WHAT TO DO —
Determine the count of lines in the following entries that contain the string "double". Write only the number.

INPUT DATA —
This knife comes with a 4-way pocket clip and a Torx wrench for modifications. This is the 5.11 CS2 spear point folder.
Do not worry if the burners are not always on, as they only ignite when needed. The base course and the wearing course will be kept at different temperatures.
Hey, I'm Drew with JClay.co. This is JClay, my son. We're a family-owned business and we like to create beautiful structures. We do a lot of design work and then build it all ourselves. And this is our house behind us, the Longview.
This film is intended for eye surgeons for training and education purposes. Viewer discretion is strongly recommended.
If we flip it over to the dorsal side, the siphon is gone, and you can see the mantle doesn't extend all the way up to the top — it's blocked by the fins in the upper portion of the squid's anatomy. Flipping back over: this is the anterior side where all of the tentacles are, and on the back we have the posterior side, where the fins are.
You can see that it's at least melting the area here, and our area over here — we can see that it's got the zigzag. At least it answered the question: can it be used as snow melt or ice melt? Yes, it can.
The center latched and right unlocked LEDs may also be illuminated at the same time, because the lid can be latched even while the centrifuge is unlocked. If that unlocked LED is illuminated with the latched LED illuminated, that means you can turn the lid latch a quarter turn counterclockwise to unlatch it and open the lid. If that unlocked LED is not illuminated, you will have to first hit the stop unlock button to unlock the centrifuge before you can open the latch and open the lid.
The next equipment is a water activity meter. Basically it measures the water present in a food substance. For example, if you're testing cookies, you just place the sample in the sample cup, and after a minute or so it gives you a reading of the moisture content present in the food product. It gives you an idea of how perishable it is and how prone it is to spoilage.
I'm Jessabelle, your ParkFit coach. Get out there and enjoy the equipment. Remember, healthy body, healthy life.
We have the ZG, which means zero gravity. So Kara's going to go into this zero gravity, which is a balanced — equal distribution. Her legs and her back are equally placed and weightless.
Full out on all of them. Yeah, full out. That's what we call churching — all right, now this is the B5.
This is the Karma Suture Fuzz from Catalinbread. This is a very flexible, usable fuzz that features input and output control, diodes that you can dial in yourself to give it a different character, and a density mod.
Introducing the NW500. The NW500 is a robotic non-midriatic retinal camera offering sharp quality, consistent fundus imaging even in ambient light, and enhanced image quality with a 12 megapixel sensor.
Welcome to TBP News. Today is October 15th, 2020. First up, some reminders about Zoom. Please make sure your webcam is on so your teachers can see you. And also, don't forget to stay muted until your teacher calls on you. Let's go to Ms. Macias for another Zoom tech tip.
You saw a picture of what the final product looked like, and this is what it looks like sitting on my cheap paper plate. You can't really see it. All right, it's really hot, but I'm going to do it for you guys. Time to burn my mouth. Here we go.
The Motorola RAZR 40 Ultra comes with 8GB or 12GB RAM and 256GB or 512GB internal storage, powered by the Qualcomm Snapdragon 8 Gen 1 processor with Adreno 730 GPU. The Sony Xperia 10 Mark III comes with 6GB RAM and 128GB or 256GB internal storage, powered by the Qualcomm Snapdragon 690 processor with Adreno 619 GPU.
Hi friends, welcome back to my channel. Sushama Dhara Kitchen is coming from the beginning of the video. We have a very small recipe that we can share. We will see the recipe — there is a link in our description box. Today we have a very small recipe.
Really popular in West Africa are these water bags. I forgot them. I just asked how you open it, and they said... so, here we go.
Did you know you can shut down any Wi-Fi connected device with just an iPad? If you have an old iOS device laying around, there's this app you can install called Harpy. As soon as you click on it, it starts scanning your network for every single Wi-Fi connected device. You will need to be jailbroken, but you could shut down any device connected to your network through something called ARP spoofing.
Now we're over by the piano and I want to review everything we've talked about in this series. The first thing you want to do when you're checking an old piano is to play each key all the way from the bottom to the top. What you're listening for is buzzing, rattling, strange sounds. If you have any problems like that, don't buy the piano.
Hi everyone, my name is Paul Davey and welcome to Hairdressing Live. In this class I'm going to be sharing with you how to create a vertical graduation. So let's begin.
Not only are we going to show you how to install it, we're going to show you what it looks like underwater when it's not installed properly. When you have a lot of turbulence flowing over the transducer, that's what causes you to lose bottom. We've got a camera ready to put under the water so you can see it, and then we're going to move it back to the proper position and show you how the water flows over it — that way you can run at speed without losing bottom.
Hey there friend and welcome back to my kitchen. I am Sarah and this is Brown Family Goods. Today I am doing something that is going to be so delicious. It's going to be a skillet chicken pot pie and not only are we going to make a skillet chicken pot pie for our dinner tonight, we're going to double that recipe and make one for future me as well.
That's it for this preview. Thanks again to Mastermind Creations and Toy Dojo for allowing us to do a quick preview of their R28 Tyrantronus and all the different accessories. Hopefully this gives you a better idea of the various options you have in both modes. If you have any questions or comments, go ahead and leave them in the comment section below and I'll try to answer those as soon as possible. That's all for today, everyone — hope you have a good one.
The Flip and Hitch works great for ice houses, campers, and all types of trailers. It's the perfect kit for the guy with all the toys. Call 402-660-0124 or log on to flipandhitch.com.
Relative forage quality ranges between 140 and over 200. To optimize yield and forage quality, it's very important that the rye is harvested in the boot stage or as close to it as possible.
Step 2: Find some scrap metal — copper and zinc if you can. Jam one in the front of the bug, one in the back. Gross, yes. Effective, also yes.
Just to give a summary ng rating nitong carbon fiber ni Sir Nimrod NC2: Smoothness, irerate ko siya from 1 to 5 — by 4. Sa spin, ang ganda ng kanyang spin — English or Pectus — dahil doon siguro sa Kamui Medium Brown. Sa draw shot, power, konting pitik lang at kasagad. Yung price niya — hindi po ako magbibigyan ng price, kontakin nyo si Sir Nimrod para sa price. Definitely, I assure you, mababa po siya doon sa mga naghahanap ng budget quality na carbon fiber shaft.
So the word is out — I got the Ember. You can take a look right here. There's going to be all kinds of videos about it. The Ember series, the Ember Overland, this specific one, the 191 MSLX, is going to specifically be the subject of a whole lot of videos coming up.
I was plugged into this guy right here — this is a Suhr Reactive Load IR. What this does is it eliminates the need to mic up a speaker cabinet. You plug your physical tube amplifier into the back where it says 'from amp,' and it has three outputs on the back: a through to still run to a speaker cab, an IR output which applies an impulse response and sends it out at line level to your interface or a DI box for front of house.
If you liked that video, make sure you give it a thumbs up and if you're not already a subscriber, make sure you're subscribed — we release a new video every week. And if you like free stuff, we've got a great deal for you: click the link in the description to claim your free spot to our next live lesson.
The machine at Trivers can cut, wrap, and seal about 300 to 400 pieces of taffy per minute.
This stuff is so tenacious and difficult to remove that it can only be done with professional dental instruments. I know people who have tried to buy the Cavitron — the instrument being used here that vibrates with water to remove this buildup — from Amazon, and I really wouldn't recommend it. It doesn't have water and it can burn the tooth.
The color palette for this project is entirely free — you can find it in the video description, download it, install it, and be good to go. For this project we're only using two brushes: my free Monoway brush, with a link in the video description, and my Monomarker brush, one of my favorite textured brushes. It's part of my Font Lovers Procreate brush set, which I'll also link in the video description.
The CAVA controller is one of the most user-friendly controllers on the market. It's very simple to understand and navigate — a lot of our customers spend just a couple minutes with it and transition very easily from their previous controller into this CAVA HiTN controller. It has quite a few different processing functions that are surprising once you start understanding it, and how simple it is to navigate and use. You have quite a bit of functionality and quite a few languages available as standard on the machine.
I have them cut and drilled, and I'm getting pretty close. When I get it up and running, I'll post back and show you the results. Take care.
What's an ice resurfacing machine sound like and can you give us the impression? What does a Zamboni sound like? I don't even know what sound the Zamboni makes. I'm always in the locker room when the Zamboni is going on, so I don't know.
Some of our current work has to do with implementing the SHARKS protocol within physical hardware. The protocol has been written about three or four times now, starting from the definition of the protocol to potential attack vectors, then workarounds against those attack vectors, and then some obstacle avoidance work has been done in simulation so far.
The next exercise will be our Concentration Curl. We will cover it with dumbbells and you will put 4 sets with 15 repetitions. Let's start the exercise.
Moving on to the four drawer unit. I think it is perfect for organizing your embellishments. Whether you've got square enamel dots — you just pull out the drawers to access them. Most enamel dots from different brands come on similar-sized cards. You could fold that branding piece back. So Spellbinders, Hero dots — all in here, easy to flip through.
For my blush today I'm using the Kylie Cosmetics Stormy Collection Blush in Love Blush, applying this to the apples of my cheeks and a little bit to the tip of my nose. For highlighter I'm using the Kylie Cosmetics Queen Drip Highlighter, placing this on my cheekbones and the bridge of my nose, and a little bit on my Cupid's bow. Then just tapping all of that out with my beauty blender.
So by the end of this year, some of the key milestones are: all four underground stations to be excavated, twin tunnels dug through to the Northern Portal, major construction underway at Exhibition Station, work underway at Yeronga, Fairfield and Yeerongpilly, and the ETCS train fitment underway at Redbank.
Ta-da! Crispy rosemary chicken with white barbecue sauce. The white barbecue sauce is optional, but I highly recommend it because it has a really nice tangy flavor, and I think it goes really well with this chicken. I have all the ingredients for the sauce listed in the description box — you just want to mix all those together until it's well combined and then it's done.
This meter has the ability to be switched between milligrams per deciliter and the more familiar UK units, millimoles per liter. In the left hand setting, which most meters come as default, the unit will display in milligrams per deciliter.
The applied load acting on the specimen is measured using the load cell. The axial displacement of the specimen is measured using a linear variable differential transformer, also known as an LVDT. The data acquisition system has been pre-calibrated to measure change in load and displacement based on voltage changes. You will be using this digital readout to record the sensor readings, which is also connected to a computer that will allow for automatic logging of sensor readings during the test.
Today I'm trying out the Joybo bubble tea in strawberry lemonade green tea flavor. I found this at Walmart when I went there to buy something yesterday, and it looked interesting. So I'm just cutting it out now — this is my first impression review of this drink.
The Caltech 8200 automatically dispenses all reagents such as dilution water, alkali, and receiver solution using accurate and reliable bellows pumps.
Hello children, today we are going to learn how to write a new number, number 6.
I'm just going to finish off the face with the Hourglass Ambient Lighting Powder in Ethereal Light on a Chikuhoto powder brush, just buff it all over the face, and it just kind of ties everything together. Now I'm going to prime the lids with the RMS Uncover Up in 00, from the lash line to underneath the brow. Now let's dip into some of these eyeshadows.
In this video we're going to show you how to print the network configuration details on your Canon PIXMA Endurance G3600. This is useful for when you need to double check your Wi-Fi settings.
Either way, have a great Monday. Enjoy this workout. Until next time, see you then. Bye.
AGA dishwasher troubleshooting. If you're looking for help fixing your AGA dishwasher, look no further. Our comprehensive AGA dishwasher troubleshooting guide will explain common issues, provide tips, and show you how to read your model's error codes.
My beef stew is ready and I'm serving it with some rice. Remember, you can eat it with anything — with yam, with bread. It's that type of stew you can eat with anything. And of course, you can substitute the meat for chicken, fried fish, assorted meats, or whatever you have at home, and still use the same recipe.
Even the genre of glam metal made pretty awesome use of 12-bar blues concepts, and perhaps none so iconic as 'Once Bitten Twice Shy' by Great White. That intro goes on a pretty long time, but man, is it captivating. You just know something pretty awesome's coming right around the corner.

ANSWER TO THE PROBLEM —
2